Introduction / Metaphors
There are two ways for Democratic candidates to earn delegates who will vote for them at the national convention. The first way is to win enough of a percentage of a primary or caucus vote to gain a share of the pledged delegates. The second way to earn delegates to vote for you is to earn the endorsement of unpledged delegates (also known as superdelegates). These are the two ways to earn votes for use at the national convention.
Think of it like basketball or football.
When you play basketball, there are two ways you can score points, and all of the points that you score count. You can score with field goals and with free throws. Playing football, you know that all of your offensive points will count, touchdowns and field goals. Why? Because them’s the rules.
A long time ago, the Democratic Party made a rule allowing for pledged delegates and unpledged delegates (superdelegates). They both count, and they can both vote at the convention. Some of the reasons for these rules will be discussed below.
Definition: “Pledged” Delegate
So that we know exactly what we are talking about, let’s define our terms. A pledged delegate is an individual selected by the state Democratic Party to vote for a certain candidate at the Democratic National Convention. The pledged delegates† are divided proportionally according to the percentage of the vote each candidate received. For example, because of the percentage of the vote in Iowa, it looks like Secretary Clinton will end up with 23 pledged delegates, while Senator Sanders will likely have 21. These delegates will attend the national convention, and they will have to vote for the candidate they “represent.”
That doesn’t have to be the case, though. Rule VIII(C)(11)( c ) of the Delegate Selection Materials for the 2016 Democratic National Convention provides that, “All delegates to the National Convention pledged to a presidential candidate shall in all good conscience reflect the sentiments of those who elected them.” So, there is a “good conscience” exception, even for delegates pledged to a certain candidate. That exception is rarely used, but it is there in case of emergency.
Definition: “Unpledged” Delegate (or Superdelegate)
There is no reference to “superdelgates” in the Delegate Selection Materials for the Democratic Party. What you think of as superdelegates are called “unpledged delegates.” They are called unpledged delegates because they can change their mind at any time, for any reason.
Only certain people can be unpledged delegates. The list includes current and former Democratic Presidents and Vice Presidents, current Democratic (federal) senators and representatives, former leaders or minority leaders of the federal congress, members of the Democratic National Committee, and current Democratic Governors.

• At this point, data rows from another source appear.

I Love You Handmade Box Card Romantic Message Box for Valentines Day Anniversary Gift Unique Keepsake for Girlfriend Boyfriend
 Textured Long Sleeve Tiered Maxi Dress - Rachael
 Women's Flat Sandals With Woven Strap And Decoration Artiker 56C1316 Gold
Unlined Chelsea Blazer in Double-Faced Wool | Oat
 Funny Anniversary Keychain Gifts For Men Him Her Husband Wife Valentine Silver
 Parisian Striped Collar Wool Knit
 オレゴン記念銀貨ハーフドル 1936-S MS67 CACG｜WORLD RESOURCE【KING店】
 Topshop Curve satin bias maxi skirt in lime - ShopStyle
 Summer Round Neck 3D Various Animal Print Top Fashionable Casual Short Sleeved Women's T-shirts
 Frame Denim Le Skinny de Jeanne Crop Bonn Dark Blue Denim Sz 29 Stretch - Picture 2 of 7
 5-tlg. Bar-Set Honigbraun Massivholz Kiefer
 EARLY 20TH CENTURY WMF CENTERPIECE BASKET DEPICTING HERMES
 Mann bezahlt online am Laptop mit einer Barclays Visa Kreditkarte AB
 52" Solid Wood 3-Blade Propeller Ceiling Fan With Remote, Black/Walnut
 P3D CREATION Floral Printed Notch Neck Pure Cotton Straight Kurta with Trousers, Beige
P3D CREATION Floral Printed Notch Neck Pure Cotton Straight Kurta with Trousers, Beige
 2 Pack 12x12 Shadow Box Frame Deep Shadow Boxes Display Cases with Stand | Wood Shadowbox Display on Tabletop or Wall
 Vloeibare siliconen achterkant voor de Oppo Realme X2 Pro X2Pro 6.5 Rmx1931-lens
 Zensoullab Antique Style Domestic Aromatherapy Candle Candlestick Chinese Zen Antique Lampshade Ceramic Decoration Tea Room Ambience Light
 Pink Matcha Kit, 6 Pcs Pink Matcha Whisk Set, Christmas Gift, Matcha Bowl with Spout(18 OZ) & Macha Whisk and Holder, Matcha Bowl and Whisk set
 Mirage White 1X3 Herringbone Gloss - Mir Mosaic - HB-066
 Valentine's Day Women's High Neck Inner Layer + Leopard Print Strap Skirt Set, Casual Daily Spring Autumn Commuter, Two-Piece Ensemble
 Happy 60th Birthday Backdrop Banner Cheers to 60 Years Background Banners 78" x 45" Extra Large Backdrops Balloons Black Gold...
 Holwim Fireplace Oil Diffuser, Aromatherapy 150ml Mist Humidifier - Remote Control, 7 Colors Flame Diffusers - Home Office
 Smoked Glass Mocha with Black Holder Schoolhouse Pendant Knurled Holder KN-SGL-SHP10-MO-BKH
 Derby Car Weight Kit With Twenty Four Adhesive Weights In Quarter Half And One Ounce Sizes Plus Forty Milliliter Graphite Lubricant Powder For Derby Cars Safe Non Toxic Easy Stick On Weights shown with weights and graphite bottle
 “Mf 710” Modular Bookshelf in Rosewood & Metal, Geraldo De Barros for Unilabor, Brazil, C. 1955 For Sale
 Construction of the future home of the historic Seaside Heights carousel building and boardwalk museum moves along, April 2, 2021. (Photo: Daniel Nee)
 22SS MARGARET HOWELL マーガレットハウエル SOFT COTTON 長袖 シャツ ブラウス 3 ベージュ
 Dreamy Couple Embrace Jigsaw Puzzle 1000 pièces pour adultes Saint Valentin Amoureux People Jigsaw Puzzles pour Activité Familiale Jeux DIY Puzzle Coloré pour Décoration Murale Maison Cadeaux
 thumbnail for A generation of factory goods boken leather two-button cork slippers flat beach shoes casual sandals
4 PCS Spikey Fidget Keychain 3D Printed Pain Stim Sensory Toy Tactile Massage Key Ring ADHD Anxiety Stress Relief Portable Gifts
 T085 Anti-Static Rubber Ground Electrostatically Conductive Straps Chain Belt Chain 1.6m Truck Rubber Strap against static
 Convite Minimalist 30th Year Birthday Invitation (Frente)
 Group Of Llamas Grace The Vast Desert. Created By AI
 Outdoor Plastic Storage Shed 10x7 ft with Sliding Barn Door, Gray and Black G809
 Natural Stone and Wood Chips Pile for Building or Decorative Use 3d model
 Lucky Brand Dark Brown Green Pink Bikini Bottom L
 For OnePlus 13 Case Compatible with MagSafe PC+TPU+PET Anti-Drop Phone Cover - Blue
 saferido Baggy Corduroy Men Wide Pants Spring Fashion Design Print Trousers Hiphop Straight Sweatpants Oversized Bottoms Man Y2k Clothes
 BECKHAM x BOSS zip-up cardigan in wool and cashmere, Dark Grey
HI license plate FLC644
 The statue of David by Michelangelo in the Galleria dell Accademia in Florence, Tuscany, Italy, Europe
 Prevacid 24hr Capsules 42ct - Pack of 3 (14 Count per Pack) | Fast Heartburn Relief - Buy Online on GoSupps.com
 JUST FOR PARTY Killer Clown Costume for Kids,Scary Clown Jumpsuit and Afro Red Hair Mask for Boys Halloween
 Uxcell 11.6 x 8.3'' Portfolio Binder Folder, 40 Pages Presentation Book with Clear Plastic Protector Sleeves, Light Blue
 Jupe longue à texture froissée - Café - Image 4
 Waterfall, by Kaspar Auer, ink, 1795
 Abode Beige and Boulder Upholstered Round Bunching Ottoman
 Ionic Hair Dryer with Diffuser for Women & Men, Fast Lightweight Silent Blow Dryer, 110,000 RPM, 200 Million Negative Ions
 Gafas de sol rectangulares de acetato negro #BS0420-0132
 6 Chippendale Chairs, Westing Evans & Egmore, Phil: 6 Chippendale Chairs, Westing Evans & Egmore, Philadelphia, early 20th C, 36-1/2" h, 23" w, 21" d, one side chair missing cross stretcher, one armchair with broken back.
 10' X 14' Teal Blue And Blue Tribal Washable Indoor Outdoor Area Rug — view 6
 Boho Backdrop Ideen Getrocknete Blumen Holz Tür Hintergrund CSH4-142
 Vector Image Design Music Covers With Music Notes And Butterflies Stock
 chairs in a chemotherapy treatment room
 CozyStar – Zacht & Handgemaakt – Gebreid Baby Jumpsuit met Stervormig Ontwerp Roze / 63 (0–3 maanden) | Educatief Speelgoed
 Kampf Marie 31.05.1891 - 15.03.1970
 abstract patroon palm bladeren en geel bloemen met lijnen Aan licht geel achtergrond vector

But It’s So ******* Un-Democratic!
Making everything “Democratic” in a nation of 320 million people, while having to make decisions about complex issues such as national security and racism and police brutality and gun control and regulating financial institutions, would be impossible. Think about the un-Democratic nature of these processes: Our elected representatives (un-Democratic!) pass a law (un-Democratic!), which the President vetoes (un-Democratic!), but the legislature over-rides the veto (un-Democratic!), so the President’s executive branch agency issues rules interpreting and enforcing the law (un-Democratic!), until the Supreme Court finds the law unconstitutional (un-Democratic!).
Why do we do so many un-Democratic things? For a lot of reasons: There’s too many of us, the issues are too complex, we don’t have enough time, and we want checks and balances in place. Unpledged delegates act as a check and balance on the nomination process.
There are plenty of reasons for the unpledged delegates. Before we go any further, though, please consider this:
In the 1984 election, the major contenders for the presidential nomination were Gary Hart and Walter Mondale. Each won some primaries and caucuses. Mondale was only slightly ahead of Hart in the total number of votes cast but won the support of almost all superdelegates and became the nominee.
Gary Hart won twenty-six of the primaries or caucuses to only nineteen for Walter Mondale. So, shouldn’t Gary Hart be the winner? Check out this map:
That shows a solid Gary Hart win, doesn’t it? He even won the most square miles. Mondale's tally of nineteen states, in fact, includes Puerto Rico and “Democrats Abroad.” So, he actually only carried seventeen states. So the scoreboard should read, 26-17ish.
But wait. There’s more. It was actually Walter Mondale who won the popular vote by a decent margin: 6,952,912 to 6,504,842. (Jesse Jackson came in very respectable third with over three million votes, two states carried and the District of Columbia.).
So now the scoreboard is just a mess. What resolved the issue was unpledged delegates. Walter Mondale racked up the endorsements, and, more important for nomination purposes, he racked up the unpledged delegates:
“Mondale locked up virtually all the party’s 700 or so superdelegates even before the primary began. Hart likely would have lost anyway, but the superdelegates sealed his defeat. ‘I got almost none of them, because [Mondale] was considered inevitable,’ Hart told me.”
Some of Walter Mondale’s superdelegates included people like Jimmy Carter and Tom Harkin. But why did Mondale lock up almost all of the unpledged delegates? Was it because he was “inevitable,” or was it because with Hart heading the ticket, the results would have been more disastrous? What happened in 1984 was the incumbent President Reagan won re-election easily, but the Democrats, while losing some seats, still maintained a commanding majority in the House of Representatives and gained two seats in the Senate.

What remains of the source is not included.